Aim of the task
The first line of the data below and every line after it, through the one with "Variegated holly leaves glowing in sunlight", must be transcribed without change.

Stored entries

<<<<

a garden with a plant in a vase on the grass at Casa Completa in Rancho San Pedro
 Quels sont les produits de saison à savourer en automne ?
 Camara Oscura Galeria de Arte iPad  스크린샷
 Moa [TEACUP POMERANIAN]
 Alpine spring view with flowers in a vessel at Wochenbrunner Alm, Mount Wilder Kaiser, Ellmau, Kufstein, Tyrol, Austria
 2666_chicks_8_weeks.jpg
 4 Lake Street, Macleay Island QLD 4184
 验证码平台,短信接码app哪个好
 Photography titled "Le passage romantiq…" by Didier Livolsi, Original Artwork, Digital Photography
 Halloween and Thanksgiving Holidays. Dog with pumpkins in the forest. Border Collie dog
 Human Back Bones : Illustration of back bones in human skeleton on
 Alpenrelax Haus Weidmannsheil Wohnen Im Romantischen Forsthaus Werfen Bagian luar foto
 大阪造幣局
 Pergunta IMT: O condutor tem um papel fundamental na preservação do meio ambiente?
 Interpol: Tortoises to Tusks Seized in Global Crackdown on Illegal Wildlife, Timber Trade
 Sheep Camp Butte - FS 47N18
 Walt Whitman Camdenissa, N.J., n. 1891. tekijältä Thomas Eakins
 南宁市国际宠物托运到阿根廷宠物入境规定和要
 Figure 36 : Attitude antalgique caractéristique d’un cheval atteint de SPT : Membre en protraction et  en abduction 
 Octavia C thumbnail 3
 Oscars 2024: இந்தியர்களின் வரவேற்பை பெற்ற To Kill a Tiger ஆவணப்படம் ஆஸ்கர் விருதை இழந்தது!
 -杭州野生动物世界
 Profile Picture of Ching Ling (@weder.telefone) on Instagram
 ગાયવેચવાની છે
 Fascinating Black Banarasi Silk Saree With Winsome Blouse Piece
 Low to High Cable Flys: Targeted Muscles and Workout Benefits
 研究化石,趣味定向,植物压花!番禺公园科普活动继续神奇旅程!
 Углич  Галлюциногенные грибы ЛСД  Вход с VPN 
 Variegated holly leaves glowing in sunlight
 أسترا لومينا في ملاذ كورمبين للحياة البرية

>>>>

Solution to the problem
a garden with a plant in a vase on the grass at Casa Completa in Rancho San Pedro
 Quels sont les produits de saison à savourer en automne ?
 Camara Oscura Galeria de Arte iPad  스크린샷
 Moa [TEACUP POMERANIAN]
 Alpine spring view with flowers in a vessel at Wochenbrunner Alm, Mount Wilder Kaiser, Ellmau, Kufstein, Tyrol, Austria
 2666_chicks_8_weeks.jpg
 4 Lake Street, Macleay Island QLD 4184
 验证码平台,短信接码app哪个好
 Photography titled "Le passage romantiq…" by Didier Livolsi, Original Artwork, Digital Photography
 Halloween and Thanksgiving Holidays. Dog with pumpkins in the forest. Border Collie dog
 Human Back Bones : Illustration of back bones in human skeleton on
 Alpenrelax Haus Weidmannsheil Wohnen Im Romantischen Forsthaus Werfen Bagian luar foto
 大阪造幣局
 Pergunta IMT: O condutor tem um papel fundamental na preservação do meio ambiente?
 Interpol: Tortoises to Tusks Seized in Global Crackdown on Illegal Wildlife, Timber Trade
 Sheep Camp Butte - FS 47N18
 Walt Whitman Camdenissa, N.J., n. 1891. tekijältä Thomas Eakins
 南宁市国际宠物托运到阿根廷宠物入境规定和要
 Figure 36 : Attitude antalgique caractéristique d’un cheval atteint de SPT : Membre en protraction et  en abduction 
 Octavia C thumbnail 3
 Oscars 2024: இந்தியர்களின் வரவேற்பை பெற்ற To Kill a Tiger ஆவணப்படம் ஆஸ்கர் விருதை இழந்தது!
 -杭州野生动物世界
 Profile Picture of Ching Ling (@weder.telefone) on Instagram
 ગાયવેચવાની છે
 Fascinating Black Banarasi Silk Saree With Winsome Blouse Piece
 Low to High Cable Flys: Targeted Muscles and Workout Benefits
 研究化石,趣味定向,植物压花!番禺公园科普活动继续神奇旅程!
 Углич  Галлюциногенные грибы ЛСД  Вход с VPN 
 Variegated holly leaves glowing in sunlight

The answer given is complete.